In the event of a claim of loss or a lack of profit, (i) the Managing Partner shall provide written notice of such claimed loss or lack of profit (a “Notice”) to the Investing Partner within thirty days of the end of the month in which such claimed loss or lack of profit occurs; and (ii) the Investing Partner may demand a full and immediate payment of the remaining balance of this Iska.
The Managing Partner shall have complete authority to manage this investment and shall manage the Iska partnership in the manner deemed most beneficial to the Investing Partner. The Managing Partner shall be paid one dollar as a management fee for his or her services during the term of the Iska. The share of the Investing Partner shall be reduced by the sum of such management fee, whether or not there are any profits. Under no circumstances will the Investing Partner be responsible for any losses above the funds advanced.
It is agreed that if the Managing Partner pays the amount equal to the principal, fees, points, penalties, interest, plus any other payments called for by any agreement or other document signed by the two parties, as per the payment schedule of said agreement or document, as payment for the Investing Partner’s share of profits, the Investing Partner shall waive its right to demand verification of the results of the investment.

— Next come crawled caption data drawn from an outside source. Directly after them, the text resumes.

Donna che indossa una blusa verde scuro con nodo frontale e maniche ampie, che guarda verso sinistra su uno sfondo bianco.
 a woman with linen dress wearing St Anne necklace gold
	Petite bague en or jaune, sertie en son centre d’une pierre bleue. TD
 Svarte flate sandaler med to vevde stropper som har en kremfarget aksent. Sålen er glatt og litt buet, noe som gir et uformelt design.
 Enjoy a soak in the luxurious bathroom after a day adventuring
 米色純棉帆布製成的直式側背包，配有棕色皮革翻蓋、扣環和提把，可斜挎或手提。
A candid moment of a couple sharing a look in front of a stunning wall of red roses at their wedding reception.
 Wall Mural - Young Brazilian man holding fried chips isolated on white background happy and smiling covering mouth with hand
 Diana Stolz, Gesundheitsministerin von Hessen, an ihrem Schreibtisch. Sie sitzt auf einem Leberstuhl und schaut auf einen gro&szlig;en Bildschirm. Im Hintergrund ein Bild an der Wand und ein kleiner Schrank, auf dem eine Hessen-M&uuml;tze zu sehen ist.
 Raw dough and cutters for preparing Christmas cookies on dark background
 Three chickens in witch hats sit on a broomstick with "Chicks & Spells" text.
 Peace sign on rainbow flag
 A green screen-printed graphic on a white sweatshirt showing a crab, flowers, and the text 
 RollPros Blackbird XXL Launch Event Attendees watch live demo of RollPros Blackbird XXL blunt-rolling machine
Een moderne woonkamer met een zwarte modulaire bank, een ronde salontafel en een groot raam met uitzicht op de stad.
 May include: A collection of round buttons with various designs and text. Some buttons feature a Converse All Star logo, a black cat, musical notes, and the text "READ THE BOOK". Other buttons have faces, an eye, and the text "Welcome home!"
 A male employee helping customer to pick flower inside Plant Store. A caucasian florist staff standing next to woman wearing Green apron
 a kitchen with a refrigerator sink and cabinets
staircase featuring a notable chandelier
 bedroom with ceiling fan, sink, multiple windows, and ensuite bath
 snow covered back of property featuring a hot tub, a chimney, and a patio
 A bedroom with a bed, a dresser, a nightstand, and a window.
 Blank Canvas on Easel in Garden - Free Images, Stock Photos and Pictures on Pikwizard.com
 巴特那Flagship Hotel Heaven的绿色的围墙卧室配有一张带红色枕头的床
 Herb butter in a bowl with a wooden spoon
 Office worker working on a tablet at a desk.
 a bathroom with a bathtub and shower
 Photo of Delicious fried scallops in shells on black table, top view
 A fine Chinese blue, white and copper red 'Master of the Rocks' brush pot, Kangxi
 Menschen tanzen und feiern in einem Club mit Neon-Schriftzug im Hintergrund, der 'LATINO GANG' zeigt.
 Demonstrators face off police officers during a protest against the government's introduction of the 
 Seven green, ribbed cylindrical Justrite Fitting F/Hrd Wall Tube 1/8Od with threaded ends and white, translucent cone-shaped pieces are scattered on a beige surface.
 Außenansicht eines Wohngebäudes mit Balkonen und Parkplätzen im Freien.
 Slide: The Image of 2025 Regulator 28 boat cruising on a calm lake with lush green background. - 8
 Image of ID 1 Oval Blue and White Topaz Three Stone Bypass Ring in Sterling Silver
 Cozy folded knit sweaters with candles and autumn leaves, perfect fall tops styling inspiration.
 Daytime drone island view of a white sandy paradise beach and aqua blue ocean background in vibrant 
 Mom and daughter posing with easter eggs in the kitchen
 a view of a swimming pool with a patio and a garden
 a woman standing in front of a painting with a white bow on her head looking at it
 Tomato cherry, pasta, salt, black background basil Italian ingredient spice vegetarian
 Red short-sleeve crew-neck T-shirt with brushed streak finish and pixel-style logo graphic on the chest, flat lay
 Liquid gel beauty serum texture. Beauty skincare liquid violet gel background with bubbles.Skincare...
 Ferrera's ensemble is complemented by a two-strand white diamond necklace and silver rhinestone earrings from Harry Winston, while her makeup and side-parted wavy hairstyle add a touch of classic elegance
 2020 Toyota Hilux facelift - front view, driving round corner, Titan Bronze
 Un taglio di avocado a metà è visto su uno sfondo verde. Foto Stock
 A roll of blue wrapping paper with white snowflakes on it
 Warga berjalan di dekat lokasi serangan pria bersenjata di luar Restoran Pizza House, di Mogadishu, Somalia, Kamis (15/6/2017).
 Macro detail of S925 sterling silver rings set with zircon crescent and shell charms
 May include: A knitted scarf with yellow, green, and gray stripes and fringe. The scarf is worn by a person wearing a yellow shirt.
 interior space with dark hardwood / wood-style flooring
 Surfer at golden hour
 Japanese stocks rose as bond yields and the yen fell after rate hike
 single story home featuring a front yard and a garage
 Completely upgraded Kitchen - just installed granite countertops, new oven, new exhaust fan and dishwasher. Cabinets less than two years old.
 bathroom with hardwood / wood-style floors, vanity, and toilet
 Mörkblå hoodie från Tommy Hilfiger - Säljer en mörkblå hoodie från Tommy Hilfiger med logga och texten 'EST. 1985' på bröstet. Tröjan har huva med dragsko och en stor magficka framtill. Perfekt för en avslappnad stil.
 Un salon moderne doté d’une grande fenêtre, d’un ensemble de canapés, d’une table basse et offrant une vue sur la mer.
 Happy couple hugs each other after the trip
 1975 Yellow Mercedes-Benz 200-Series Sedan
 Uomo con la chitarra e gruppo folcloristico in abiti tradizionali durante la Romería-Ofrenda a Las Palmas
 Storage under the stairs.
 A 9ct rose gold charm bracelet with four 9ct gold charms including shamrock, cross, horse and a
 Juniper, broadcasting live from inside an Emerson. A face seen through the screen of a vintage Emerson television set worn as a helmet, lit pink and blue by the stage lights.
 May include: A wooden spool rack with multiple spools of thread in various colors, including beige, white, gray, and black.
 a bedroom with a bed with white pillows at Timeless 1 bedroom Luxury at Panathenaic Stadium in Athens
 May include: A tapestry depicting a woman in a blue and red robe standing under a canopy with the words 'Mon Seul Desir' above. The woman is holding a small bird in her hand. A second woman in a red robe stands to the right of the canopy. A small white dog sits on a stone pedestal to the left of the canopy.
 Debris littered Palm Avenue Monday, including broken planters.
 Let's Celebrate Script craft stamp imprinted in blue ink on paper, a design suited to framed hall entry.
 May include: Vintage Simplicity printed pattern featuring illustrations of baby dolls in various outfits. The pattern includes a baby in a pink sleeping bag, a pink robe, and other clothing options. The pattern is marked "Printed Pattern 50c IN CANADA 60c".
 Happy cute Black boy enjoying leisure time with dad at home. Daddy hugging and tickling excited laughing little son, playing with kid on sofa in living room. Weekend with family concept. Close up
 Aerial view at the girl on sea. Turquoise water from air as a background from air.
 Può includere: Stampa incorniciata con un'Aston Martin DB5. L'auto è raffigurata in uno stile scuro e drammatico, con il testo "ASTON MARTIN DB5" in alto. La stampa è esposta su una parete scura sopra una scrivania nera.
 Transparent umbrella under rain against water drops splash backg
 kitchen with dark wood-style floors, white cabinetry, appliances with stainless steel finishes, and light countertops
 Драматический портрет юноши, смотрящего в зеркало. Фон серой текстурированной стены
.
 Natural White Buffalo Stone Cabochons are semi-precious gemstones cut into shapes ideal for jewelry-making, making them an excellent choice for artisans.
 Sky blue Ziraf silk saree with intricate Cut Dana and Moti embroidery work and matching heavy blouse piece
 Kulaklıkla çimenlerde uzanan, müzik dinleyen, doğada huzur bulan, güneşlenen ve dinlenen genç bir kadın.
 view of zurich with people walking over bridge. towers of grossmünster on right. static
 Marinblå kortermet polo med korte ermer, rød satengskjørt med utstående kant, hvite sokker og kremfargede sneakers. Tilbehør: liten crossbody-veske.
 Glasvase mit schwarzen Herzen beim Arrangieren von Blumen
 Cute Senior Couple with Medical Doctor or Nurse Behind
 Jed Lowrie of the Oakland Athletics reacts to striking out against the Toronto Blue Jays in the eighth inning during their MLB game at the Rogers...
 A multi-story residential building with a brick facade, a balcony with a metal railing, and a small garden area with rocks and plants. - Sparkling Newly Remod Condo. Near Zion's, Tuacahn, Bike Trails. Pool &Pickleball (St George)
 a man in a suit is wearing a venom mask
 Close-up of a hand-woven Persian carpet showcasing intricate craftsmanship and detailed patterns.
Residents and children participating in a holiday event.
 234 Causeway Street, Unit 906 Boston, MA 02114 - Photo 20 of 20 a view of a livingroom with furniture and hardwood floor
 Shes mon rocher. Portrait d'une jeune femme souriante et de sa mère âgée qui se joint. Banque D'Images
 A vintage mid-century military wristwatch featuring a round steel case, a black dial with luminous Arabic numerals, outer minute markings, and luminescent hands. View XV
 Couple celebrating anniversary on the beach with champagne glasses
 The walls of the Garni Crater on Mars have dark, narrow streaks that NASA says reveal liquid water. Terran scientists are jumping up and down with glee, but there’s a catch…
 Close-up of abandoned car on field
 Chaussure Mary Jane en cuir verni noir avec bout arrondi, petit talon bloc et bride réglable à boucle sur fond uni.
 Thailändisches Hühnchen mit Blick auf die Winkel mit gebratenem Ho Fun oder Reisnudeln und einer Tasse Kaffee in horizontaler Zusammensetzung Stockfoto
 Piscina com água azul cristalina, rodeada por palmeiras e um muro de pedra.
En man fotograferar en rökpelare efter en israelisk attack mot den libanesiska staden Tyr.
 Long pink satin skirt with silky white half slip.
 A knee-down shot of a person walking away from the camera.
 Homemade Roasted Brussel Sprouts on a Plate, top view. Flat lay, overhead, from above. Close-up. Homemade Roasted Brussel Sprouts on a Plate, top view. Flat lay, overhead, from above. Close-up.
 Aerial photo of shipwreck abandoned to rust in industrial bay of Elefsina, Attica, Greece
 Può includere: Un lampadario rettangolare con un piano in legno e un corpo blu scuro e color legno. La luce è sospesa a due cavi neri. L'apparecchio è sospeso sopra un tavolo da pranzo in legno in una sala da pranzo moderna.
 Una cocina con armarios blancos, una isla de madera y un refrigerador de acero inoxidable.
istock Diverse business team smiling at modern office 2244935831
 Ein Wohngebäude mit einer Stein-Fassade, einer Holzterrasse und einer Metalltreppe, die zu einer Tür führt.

However, any future payments made to avoid providing such verification shall remain consistent with the applicable transaction document. Any additional profits shall belong solely to the Managing Partner.
In the event the Managing Partner does not provide a Notice as required hereunder, the Managing Partner may not claim a loss or lack of profit for such time period, and the presumption shall be that the investment made with the monies described herein continues to generate a profit.
In the event that (i) the Managing Partner does not make the monthly payments as required under the applicable transaction documents, or (ii) a covenant or other provision tied to a default interest rate is triggered, the presumption shall be that the investment is generating profits equal to the applicable rate set forth in the transaction documents.
Any payments made that are not justified by this General Iska Agreement shall reduce the principal balance of this Iska. Future payments shall be adjusted accordingly so that all payments remain consistent with the applicable transaction document.
The Company may obtain funding from parties not subject to the Laws of Ribbis via the sale or assignment of transaction documents. Upon such sale, and subject to the conditions set forth herein, this General Iska Agreement shall have no further effect.
This General Iska Agreement shall apply to any applicable transaction document regardless of whether it is referenced therein. In the event of any conflict, the terms of this General Iska Agreement shall prevail.
This General Iska Agreement is intended to be enforced solely in Beis Din and shall not be enforceable in any federal, state, or local court of the United States.
Any disputes shall be adjudicated by the Rabbinical Court Eitz Chaim of the Business Halacha Institute, or such other Beis Din as selected by Gate Rock Capital.
This General Iska Agreement was adopted by the Board of the Company and is binding upon the Company and its shareholders as a corporate bylaw.
Even if any party is unaware of this Heter Iska, the transaction shall nevertheless be deemed an Iska pursuant to this Agreement, as all dealings with the Company are conducted in accordance with its halachic rules.
From the effective date above, all transactions of the Company shall be governed exclusively by the terms of this General Iska Agreement. This Agreement has been effected with a proper Kinyan and is not an asmachta.